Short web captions
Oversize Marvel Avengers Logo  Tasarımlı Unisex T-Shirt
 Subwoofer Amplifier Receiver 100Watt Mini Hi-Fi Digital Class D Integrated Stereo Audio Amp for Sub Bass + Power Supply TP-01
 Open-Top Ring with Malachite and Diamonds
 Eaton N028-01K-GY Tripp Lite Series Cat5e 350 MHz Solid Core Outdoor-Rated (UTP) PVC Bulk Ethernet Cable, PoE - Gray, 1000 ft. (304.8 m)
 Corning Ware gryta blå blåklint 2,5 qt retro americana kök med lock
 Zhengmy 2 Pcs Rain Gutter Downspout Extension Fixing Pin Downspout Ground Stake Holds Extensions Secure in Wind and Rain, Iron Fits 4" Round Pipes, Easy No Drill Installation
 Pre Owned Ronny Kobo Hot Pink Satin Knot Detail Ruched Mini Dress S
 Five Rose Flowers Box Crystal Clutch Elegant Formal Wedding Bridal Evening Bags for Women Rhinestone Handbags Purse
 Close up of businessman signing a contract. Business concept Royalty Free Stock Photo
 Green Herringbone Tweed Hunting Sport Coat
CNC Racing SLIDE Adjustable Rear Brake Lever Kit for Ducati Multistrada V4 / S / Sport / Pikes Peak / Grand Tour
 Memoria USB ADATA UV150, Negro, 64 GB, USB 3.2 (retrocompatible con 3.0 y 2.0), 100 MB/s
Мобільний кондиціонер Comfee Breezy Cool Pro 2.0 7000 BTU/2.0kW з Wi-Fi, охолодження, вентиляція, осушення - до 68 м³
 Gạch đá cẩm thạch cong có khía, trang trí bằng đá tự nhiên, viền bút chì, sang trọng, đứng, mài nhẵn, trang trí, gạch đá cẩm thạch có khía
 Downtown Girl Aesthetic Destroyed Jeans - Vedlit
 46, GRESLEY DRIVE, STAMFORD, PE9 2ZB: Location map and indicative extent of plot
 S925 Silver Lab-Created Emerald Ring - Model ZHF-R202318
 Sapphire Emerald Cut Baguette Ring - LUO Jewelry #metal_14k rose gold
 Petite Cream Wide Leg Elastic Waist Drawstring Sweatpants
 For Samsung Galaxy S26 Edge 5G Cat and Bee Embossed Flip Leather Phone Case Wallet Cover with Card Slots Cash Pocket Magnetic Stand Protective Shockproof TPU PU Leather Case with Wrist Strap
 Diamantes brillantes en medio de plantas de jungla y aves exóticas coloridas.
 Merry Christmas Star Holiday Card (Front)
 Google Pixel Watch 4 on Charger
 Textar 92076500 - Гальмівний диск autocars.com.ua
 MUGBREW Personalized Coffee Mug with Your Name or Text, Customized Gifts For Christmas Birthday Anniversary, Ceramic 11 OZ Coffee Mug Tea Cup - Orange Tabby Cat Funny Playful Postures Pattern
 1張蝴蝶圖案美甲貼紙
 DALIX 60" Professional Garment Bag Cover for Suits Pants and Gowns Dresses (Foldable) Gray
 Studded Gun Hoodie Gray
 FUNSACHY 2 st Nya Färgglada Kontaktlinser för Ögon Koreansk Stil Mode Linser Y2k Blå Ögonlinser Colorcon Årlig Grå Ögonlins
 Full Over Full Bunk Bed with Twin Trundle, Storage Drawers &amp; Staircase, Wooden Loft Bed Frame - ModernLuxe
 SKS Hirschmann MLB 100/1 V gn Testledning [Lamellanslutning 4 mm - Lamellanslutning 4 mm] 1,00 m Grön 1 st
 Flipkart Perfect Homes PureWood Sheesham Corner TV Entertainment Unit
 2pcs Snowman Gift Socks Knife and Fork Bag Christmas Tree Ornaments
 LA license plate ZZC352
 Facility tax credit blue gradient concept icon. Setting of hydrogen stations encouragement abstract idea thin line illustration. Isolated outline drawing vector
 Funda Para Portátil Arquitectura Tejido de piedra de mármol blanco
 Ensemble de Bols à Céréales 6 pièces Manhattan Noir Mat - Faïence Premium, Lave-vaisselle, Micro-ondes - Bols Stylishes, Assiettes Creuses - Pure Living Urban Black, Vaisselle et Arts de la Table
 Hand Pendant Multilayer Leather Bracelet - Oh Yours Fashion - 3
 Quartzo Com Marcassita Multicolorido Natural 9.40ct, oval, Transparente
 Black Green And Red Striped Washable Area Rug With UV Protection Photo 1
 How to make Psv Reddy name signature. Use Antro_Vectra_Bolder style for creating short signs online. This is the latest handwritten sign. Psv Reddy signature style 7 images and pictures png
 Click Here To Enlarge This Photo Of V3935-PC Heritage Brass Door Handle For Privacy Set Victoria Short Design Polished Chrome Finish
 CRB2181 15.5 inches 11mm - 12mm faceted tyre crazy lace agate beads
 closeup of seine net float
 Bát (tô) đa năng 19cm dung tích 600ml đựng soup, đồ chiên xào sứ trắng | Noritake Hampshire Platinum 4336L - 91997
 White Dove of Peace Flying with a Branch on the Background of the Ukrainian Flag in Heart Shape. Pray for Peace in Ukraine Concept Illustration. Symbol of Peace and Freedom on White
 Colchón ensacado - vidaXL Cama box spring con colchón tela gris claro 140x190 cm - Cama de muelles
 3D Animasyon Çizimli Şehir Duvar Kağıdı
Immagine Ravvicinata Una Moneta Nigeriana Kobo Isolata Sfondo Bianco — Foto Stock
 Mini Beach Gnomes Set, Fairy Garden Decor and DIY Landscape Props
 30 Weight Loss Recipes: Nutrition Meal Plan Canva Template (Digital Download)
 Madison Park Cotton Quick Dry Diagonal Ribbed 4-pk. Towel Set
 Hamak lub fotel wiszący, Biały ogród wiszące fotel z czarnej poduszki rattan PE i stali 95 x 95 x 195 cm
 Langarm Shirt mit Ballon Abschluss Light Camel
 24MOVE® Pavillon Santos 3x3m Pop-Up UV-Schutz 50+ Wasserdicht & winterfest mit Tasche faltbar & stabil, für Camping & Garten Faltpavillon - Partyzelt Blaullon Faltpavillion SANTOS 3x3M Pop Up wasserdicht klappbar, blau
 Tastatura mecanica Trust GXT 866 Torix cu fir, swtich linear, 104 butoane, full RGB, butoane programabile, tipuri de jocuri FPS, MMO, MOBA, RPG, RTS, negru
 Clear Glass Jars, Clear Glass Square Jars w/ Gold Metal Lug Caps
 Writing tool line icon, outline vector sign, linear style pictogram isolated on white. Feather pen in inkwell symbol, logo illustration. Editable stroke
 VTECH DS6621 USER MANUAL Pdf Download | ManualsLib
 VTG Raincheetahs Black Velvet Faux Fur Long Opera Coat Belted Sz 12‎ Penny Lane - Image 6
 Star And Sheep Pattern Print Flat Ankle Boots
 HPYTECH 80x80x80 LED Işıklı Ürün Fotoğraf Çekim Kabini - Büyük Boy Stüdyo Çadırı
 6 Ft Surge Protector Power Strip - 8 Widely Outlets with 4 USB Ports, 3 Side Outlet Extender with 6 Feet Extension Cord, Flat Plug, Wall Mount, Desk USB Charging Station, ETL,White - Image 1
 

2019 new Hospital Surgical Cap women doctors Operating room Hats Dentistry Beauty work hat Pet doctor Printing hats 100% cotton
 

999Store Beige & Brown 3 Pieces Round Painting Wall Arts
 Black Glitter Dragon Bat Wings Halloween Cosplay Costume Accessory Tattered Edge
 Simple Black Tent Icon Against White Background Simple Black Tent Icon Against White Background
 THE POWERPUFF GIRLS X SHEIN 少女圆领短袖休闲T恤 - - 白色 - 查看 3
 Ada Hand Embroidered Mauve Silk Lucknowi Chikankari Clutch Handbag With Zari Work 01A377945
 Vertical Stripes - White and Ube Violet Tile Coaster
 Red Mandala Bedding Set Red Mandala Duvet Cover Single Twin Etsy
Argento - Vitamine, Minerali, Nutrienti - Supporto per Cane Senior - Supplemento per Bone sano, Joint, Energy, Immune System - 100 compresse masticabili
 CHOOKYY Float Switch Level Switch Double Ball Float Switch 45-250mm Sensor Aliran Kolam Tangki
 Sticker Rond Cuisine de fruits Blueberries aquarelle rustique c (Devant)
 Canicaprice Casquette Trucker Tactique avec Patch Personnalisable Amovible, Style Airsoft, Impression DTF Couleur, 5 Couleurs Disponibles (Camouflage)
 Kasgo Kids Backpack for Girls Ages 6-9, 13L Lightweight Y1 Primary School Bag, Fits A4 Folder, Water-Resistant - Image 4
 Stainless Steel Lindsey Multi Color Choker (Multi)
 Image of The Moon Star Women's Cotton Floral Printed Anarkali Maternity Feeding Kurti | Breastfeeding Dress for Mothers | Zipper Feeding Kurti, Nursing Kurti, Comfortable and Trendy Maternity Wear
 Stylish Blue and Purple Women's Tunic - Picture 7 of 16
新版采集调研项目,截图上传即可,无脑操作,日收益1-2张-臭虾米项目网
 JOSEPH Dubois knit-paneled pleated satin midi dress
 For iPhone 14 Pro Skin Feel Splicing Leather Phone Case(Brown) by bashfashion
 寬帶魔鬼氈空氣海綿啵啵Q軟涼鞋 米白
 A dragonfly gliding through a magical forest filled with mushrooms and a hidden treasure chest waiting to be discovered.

TASK:
In the data above, start at the line that has "Ensemble de Bols", stop after the line that has "How to make", and print every line in between exactly as it stands.

TASK ANSWER:
 Ensemble de Bols à Céréales 6 pièces Manhattan Noir Mat - Faïence Premium, Lave-vaisselle, Micro-ondes - Bols Stylishes, Assiettes Creuses - Pure Living Urban Black, Vaisselle et Arts de la Table
 Hand Pendant Multilayer Leather Bracelet - Oh Yours Fashion - 3
 Quartzo Com Marcassita Multicolorido Natural 9.40ct, oval, Transparente
 Black Green And Red Striped Washable Area Rug With UV Protection Photo 1
 How to make Psv Reddy name signature. Use Antro_Vectra_Bolder style for creating short signs online. This is the latest handwritten sign. Psv Reddy signature style 7 images and pictures png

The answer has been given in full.